## TO DO
Exact retyping of the data: please keep every word and drop each picture.

## DATA EXCERPT

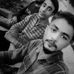 Profile Picture of Anis Baig (@anis.baig.3114) on Facebook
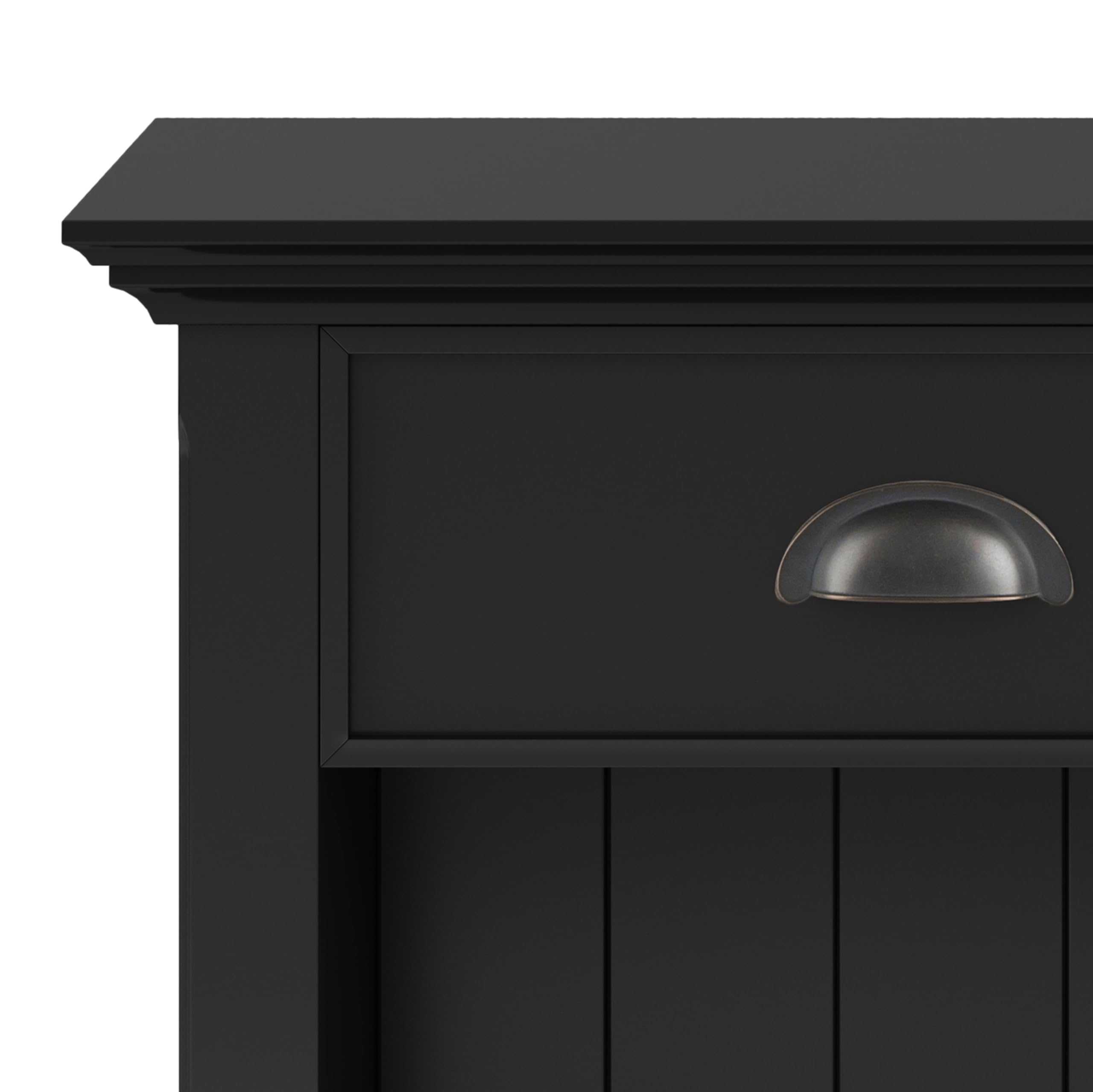 SIMPLIHOME Acadian 24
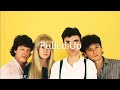 Talking Heads - Pulled Up (Sub Español)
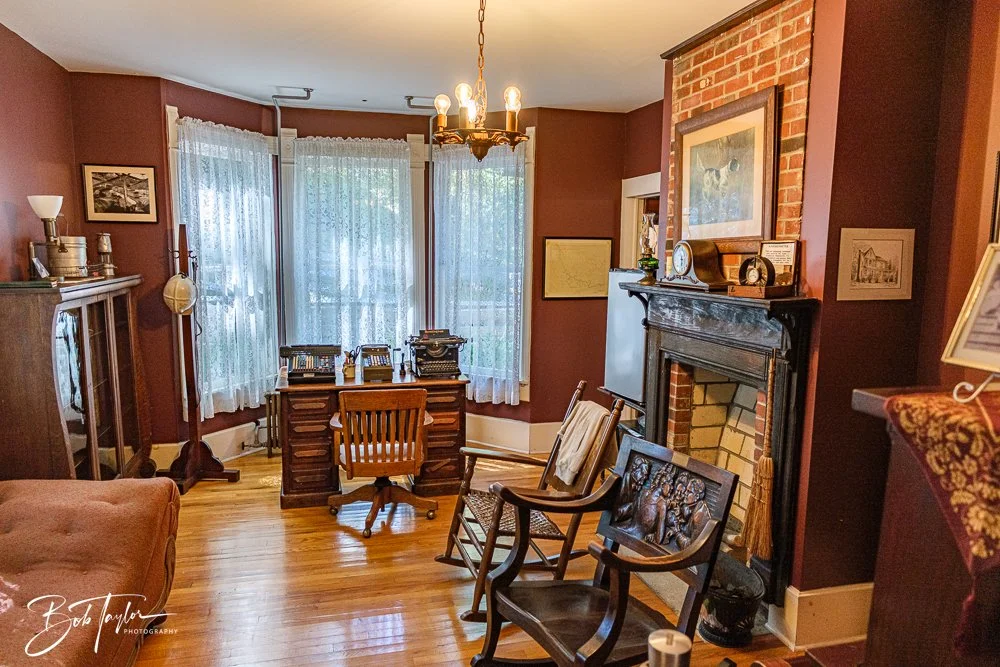 20250919-Coal Mine -36.jpg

## EXPECTED OUTPUT
 Profile Picture of Anis Baig (@anis.baig.3114) on Facebook
 SIMPLIHOME Acadian 24
 Talking Heads - Pulled Up (Sub Español)
 20250919-Coal Mine -36.jpg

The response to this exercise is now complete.